Aim of the task:
In the records, find each line where "Mini" occurs, and copy it.

(Given records begins)

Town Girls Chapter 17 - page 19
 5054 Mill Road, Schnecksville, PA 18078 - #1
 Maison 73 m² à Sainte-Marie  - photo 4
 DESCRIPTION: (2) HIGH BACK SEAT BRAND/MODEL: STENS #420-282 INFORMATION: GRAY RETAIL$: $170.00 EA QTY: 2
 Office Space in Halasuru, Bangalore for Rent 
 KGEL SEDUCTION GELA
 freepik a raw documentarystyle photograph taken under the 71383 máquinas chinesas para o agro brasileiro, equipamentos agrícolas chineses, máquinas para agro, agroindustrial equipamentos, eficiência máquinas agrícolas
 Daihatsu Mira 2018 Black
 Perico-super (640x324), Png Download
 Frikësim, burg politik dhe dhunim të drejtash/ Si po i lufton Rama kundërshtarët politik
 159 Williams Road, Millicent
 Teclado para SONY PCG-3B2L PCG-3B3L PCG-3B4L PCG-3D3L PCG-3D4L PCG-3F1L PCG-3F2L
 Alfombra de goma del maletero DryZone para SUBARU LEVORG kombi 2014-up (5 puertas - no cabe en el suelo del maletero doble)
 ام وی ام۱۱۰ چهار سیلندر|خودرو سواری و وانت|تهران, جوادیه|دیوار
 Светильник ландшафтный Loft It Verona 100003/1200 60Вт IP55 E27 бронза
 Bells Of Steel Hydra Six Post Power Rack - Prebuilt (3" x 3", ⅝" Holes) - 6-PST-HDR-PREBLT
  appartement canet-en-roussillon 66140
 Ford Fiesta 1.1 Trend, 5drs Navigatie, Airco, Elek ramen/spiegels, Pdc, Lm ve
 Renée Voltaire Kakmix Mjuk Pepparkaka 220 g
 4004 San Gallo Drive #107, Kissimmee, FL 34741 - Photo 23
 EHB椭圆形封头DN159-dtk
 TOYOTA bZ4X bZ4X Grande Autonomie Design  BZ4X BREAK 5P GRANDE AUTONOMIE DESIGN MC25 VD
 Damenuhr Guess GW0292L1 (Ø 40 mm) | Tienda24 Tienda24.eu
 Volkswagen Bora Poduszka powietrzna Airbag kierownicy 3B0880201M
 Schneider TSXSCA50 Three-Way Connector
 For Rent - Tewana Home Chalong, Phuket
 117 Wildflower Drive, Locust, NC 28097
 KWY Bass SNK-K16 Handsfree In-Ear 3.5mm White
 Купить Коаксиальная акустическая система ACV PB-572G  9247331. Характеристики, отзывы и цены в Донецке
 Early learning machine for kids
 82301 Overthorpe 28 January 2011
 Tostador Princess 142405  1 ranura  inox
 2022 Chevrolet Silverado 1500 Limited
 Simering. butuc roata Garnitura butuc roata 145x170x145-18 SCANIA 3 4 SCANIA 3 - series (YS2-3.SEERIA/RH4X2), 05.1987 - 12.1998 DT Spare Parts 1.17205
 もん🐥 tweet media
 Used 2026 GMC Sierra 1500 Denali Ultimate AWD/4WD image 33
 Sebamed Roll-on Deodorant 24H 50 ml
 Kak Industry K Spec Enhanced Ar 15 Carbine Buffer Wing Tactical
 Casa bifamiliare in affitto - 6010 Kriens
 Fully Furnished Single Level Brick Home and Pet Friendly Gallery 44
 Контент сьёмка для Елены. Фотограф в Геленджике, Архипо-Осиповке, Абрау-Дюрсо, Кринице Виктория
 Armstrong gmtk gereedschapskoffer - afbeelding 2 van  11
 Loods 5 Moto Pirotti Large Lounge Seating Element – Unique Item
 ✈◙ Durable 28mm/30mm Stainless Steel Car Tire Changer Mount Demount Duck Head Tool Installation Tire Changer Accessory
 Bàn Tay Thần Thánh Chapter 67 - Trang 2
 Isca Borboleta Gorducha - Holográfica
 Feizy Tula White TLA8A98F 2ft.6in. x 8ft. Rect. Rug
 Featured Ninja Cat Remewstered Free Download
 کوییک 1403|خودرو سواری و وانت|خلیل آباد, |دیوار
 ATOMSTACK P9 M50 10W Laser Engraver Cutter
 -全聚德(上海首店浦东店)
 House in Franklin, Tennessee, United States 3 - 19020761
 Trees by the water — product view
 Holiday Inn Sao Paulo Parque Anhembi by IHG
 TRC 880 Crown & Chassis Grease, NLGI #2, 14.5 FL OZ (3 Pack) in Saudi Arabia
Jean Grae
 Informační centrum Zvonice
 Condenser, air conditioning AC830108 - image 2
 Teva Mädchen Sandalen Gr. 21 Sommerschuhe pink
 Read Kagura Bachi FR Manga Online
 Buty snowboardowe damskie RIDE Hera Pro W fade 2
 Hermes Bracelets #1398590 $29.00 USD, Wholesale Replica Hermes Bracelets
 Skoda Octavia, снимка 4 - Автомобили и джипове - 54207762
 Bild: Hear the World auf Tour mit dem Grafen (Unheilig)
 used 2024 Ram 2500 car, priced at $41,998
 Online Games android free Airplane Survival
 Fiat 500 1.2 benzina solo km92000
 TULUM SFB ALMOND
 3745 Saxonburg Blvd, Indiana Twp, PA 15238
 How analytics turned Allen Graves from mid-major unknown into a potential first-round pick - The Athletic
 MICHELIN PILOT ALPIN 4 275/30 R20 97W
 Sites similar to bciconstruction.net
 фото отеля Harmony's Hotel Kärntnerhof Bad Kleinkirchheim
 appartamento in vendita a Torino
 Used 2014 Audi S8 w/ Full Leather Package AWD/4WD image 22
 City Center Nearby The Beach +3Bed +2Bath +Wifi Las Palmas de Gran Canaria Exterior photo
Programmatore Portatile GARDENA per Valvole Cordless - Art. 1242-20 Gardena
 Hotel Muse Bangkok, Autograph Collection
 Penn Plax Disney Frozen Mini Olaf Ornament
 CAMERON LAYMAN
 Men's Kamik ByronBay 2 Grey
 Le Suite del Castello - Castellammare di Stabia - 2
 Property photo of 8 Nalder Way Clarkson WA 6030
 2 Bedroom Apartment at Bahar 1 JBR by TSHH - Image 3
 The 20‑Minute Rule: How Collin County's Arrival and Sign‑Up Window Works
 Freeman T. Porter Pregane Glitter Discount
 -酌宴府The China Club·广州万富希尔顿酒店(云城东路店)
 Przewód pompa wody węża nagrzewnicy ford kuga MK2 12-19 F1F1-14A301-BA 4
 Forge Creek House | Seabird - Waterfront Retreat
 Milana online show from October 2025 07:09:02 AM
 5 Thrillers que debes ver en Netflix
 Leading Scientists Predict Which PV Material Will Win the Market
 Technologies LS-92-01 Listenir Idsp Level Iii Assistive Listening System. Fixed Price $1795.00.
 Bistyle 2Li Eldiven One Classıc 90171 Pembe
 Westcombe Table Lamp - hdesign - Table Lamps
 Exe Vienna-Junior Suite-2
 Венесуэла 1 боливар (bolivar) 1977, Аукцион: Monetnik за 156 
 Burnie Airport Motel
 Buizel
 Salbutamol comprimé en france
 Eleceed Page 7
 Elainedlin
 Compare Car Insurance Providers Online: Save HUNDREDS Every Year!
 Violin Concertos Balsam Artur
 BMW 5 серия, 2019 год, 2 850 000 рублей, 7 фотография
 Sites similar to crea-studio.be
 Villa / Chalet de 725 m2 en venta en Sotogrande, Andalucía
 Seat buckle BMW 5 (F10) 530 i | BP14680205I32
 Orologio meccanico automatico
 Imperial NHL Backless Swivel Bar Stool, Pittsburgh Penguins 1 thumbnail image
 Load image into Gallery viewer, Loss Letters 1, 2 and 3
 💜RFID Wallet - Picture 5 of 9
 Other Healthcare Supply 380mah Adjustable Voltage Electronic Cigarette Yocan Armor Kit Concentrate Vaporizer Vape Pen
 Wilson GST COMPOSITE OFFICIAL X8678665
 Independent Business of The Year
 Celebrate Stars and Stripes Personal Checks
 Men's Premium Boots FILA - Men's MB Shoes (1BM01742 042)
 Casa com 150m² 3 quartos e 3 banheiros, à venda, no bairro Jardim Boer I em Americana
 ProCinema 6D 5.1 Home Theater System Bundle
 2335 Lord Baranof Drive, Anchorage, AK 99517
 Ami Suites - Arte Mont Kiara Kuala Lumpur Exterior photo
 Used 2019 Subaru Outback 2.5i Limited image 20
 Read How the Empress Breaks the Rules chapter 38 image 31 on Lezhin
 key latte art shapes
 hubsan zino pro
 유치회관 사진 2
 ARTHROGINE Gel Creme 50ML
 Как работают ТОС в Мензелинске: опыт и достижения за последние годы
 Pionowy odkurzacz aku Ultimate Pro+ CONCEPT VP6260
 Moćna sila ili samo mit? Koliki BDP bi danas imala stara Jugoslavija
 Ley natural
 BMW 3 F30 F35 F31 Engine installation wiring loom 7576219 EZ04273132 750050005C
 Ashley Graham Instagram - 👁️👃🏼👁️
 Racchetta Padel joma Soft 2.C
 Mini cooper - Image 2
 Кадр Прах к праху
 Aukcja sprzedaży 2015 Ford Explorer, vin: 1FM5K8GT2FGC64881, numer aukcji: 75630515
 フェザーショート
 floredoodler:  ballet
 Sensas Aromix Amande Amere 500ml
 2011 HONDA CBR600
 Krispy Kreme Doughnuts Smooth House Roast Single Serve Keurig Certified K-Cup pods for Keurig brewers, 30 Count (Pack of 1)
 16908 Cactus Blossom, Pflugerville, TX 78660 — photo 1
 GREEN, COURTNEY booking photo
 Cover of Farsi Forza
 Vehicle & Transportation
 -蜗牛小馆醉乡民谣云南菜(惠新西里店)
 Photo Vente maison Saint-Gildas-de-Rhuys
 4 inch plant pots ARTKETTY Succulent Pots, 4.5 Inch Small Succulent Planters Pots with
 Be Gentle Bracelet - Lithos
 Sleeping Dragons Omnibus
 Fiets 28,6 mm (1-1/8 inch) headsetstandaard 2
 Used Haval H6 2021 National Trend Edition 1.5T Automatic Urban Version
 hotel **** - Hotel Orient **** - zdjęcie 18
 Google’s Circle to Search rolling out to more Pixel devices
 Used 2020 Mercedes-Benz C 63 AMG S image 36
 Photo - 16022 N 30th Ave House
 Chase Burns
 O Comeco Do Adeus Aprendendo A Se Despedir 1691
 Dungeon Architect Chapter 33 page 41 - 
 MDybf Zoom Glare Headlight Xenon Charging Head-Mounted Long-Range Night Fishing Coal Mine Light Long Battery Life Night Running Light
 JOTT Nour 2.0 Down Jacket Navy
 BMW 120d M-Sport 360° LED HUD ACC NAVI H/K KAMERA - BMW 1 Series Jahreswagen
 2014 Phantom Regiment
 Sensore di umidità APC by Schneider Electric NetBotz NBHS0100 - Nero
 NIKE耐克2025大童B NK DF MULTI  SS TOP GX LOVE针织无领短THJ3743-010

(Given records ends)

Task solution:
 Penn Plax Disney Frozen Mini Olaf Ornament
 Mini cooper - Image 2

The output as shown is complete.